From the Guidelines
To diagnose Mycobacterium avium complex (MAC) infection, at least two positive respiratory cultures from separate samples are needed, as recommended by the most recent guidelines 1. This requirement helps distinguish between true infection and colonization or contamination, which can occur with a single positive culture. For patients with nodular bronchiectatic disease, three positive sputum cultures are often recommended for a more definitive diagnosis. The multiple culture requirement is important because MAC organisms are commonly found in the environment, including water and soil, making contamination of specimens possible. In addition to the cultures, diagnosis should be supported by compatible clinical symptoms (such as chronic cough, fatigue, weight loss) and radiographic findings (such as nodular opacities or bronchiectasis). Some key points to consider in the diagnosis of MAC infection include:
- The use of at least two separate expectorated sputum samples for culture, as recommended by the US Cystic Fibrosis Foundation and European Cystic Fibrosis Society 1
- The importance of species identification to confirm MAC specifically, as opposed to other mycobacterial species
- The need for expert consultation when infrequently encountered NTM or those usually representing environmental contamination are recovered 1
- The consideration of clinical and radiographic criteria, in addition to microbiologic criteria, for diagnosing NTM pulmonary disease 1
From the Research
Diagnosis of MAC
- The diagnosis of Mycobacterium avium complex (MAC) pulmonary disease requires a positive culture from at least two separate expectorated sputum specimens or one bronchoscopic specimen culture 2, 3.

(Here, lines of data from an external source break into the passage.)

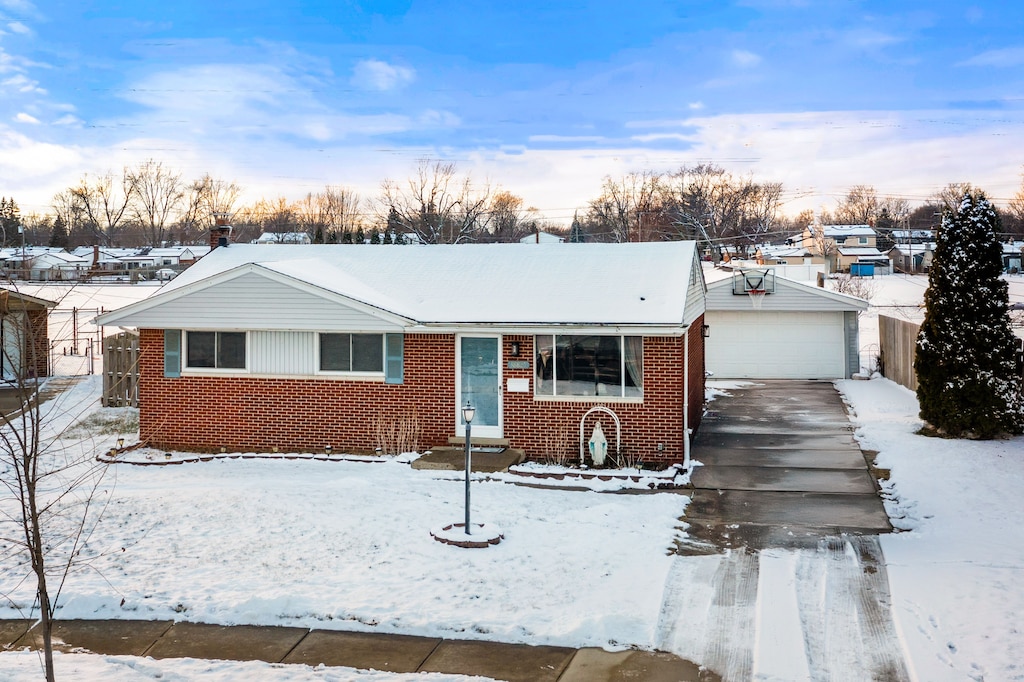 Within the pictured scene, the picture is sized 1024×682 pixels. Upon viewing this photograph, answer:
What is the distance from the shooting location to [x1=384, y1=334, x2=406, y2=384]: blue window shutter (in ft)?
47.7

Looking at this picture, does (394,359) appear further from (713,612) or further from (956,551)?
(956,551)

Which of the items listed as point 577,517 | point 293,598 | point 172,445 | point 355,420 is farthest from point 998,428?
point 172,445

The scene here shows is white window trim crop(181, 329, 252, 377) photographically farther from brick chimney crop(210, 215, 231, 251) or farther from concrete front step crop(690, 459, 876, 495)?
concrete front step crop(690, 459, 876, 495)

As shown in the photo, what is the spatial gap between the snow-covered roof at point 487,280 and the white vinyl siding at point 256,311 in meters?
0.16

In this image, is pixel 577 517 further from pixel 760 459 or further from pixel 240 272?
pixel 240 272

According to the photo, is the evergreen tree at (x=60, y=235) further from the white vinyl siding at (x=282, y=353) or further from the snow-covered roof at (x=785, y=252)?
the white vinyl siding at (x=282, y=353)

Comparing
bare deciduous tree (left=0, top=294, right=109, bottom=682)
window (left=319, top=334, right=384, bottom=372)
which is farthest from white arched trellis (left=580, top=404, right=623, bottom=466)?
bare deciduous tree (left=0, top=294, right=109, bottom=682)

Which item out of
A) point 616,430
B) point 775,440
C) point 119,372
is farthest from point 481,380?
point 119,372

- The optimal number of sputum examinations remains unclear, but a study found that the diagnostic yield with 3 sputum specimens was 16.5% 4.

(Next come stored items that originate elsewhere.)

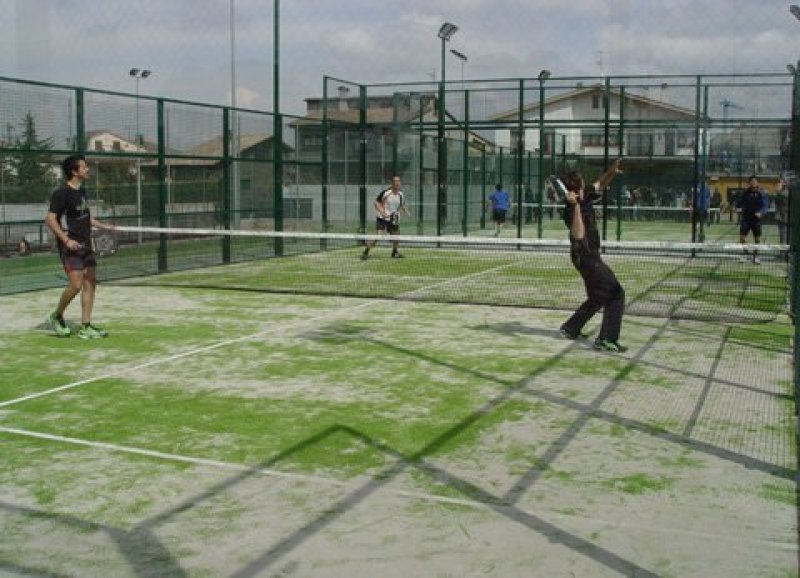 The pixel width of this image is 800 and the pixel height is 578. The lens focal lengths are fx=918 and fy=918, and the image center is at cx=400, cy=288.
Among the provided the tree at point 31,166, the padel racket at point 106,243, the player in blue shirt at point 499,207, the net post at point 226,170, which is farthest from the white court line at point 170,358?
the player in blue shirt at point 499,207

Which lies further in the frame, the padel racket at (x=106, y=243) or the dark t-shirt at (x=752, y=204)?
the dark t-shirt at (x=752, y=204)

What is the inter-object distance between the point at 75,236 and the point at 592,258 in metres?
5.69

- Increasing the number of sputum specimens to 6 improved the diagnostic yield by 7.2% 4.
Number of Cultures Needed
- According to the guidelines, 2 or more positive sputum cultures or 1 bronchoscopic specimen culture are required to diagnose MAC 2.
- Another study suggests that 2 sputum specimens or 1 bronchoscopic specimen are consistent with MAC pulmonary disease 3.
- There is no evidence to suggest that a specific number of cultures is needed, but rather that the diagnosis requires a positive culture from at least two separate expectorated sputum specimens or one bronchoscopic specimen culture 2, 3.